Caption-style text data
■ ■ ■
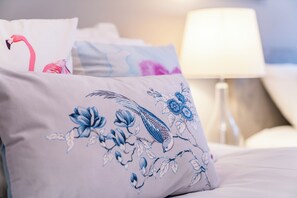 A bed with decorative pillows featuring floral and bird designs. - London Street, Andover, Hampshire, SP102NU, United Kingdom (Andover)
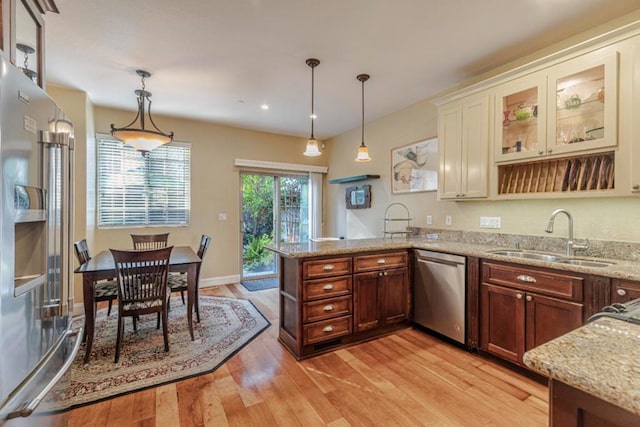 kitchen featuring decorative light fixtures, sink, stainless steel appliances, and light wood-type flooring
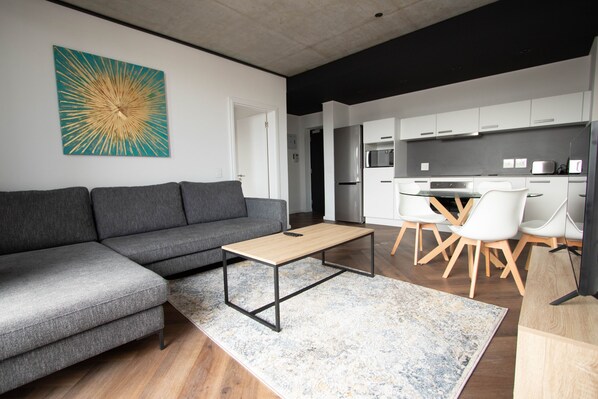 Un salon moderne avec un canapé d’angle gris, une table basse en bois et un grand tableau abstrait accroché au mur.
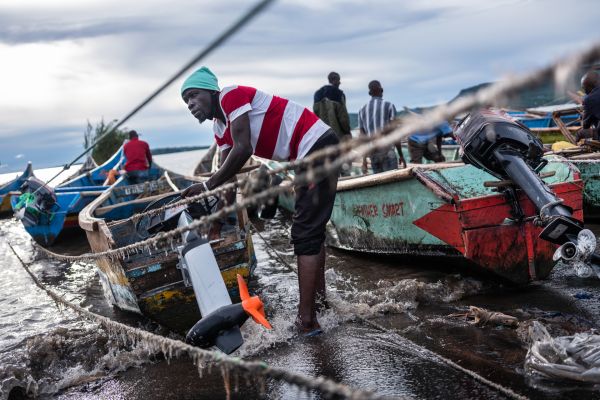 A fishermen secures an Asobo electric engine as he prepares his boat to return to Lake Victoria for a night of fishing from Koguna Beach in Mbita, Kenya, on May 10, 2021.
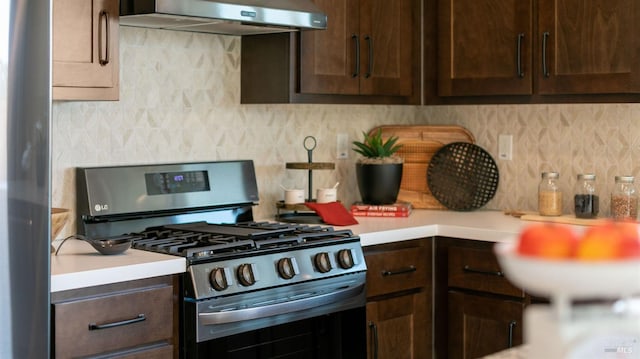 kitchen featuring decorative backsplash, dark brown cabinets, extractor fan, and appliances with stainless steel finishes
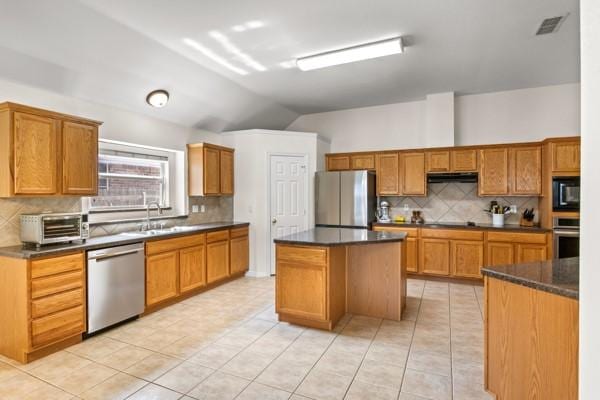 521 Willowview Dr, Saginaw, TX 76179 - kitchen with appliances with stainless steel finishes, lofted ceiling, dark countertops, and decorative backsplash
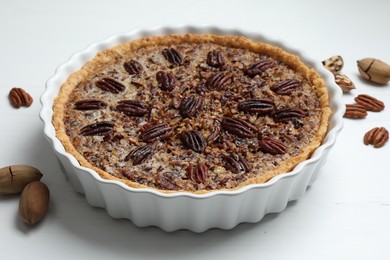 Photo of Delicious pecan pie in baking dish and fresh nuts on white wooden table, closeup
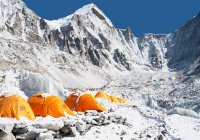 Group of orange tents at a climbers base camp in the Himalayas region. — Stock Photo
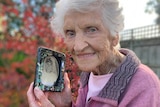 An elderly woman holds a black white photo in a frame while standing in a garden.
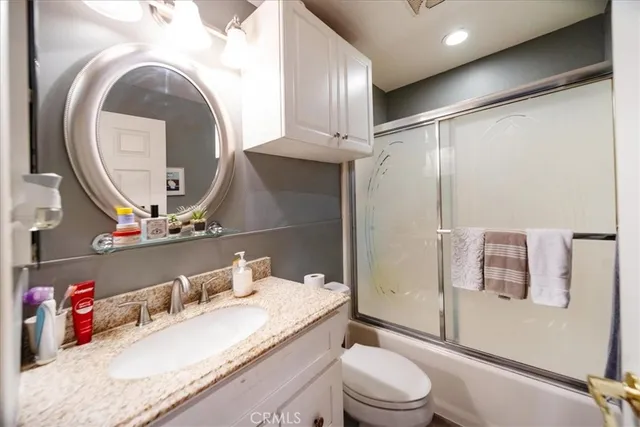 a bathroom with a granite countertop sink mirror vanity and toilet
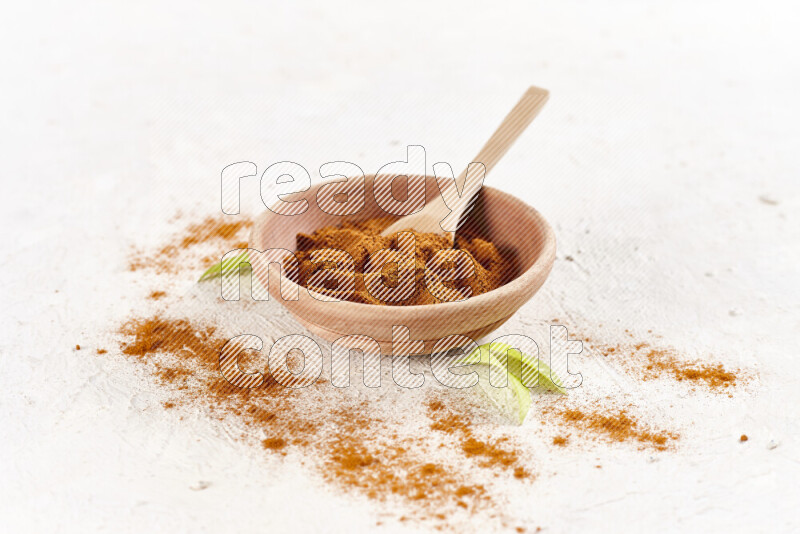 A wooden bowl full of ground paprika powder on white background
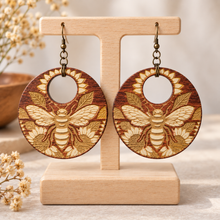 Cargar imagen en el visor de la galería, Sunset Honey Bee engraved wooden earrings with bee and sunflower design on a light wood stand with hypoallergenic bronze-tone hooks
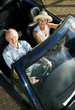 Senior couple traveling in the car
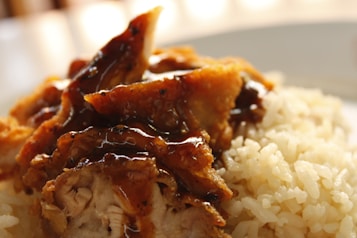 A close-up of a dish featuring cooked rice and fried chicken pieces topped with a glossy brown sauce. The chicken appears crispy with visible texture, and the rice grains are fluffy and well-cooked.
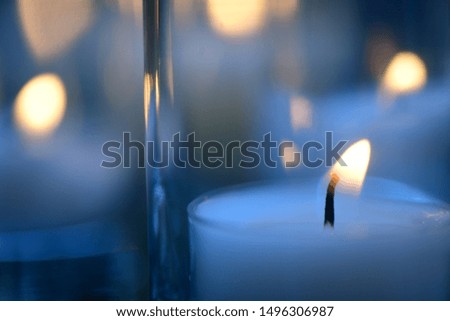 Tea candles lit in blue evening light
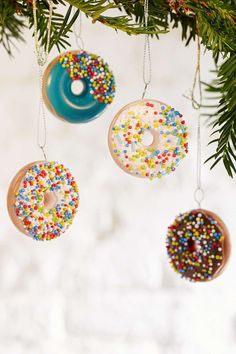 three doughnuts hanging from a christmas tree with sprinkles on them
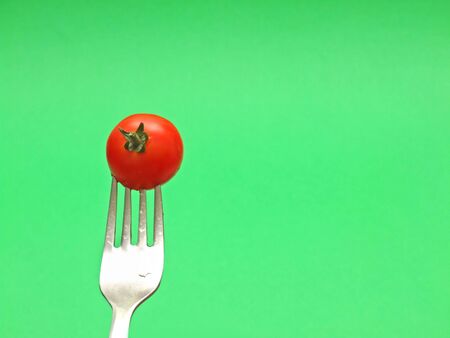 fresh tomato on fork の写真素材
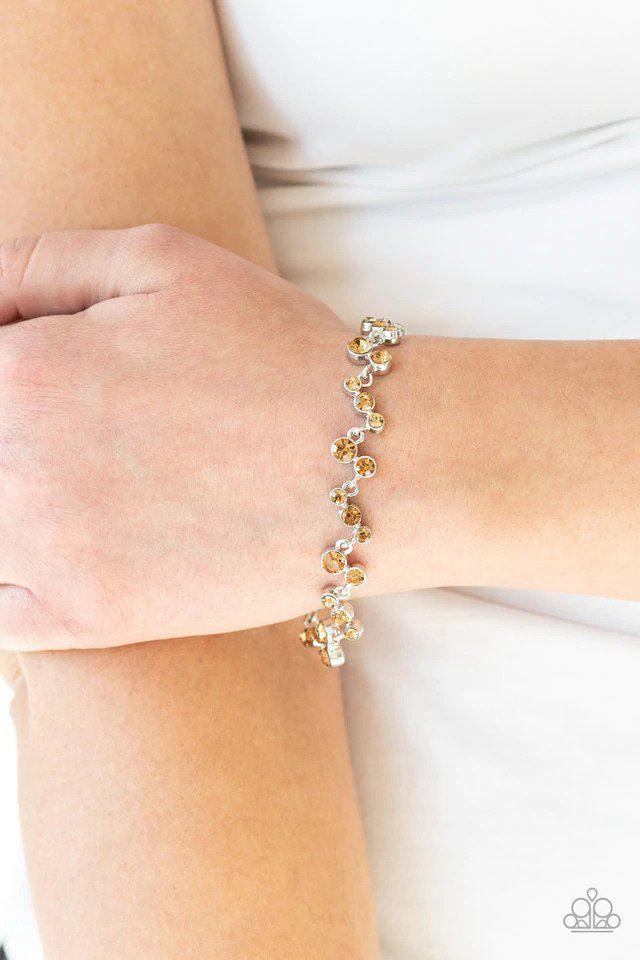 Starlit Stunner Brown Rhinestone Bracelet - Paparazzi Accessories- on model - CarasShop.com - Paparazzi Jewelry by Cara Jewels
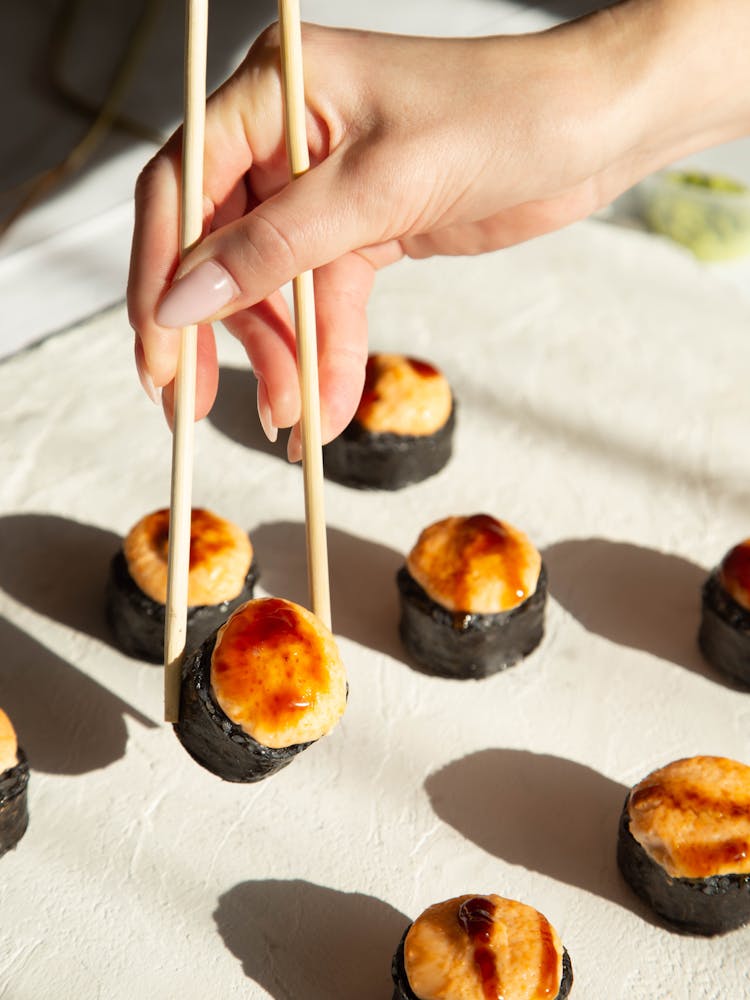 Hand Holding Chopsticks Grabbing Sushi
■ ■ ■
- **Exercise details**
Copy all entries exactly; skip pictures.

- **Written response**
 A bed with decorative pillows featuring floral and bird designs. - London Street, Andover, Hampshire, SP102NU, United Kingdom (Andover)
 kitchen featuring decorative light fixtures, sink, stainless steel appliances, and light wood-type flooring
 Un salon moderne avec un canapé d’angle gris, une table basse en bois et un grand tableau abstrait accroché au mur.
 A fishermen secures an Asobo electric engine as he prepares his boat to return to Lake Victoria for a night of fishing from Koguna Beach in Mbita, Kenya, on May 10, 2021.
 kitchen featuring decorative backsplash, dark brown cabinets, extractor fan, and appliances with stainless steel finishes
 521 Willowview Dr, Saginaw, TX 76179 - kitchen with appliances with stainless steel finishes, lofted ceiling, dark countertops, and decorative backsplash
 Photo of Delicious pecan pie in baking dish and fresh nuts on white wooden table, closeup
 Group of orange tents at a climbers base camp in the Himalayas region. — Stock Photo
 An elderly woman holds a black white photo in a frame while standing in a garden.
 a bathroom with a granite countertop sink mirror vanity and toilet
 A wooden bowl full of ground paprika powder on white background
 Cargar imagen en el visor de la galería, Sunset Honey Bee engraved wooden earrings with bee and sunflower design on a light wood stand with hypoallergenic bronze-tone hooks
 Senior couple traveling in the car
 A close-up of a dish featuring cooked rice and fried chicken pieces topped with a glossy brown sauce. The chicken appears crispy with visible texture, and the rice grains are fluffy and well-cooked.
 Tea candles lit in blue evening light
 three doughnuts hanging from a christmas tree with sprinkles on them
 fresh tomato on fork の写真素材
 Starlit Stunner Brown Rhinestone Bracelet - Paparazzi Accessories- on model - CarasShop.com - Paparazzi Jewelry by Cara Jewels
 Hand Holding Chopsticks Grabbing Sushi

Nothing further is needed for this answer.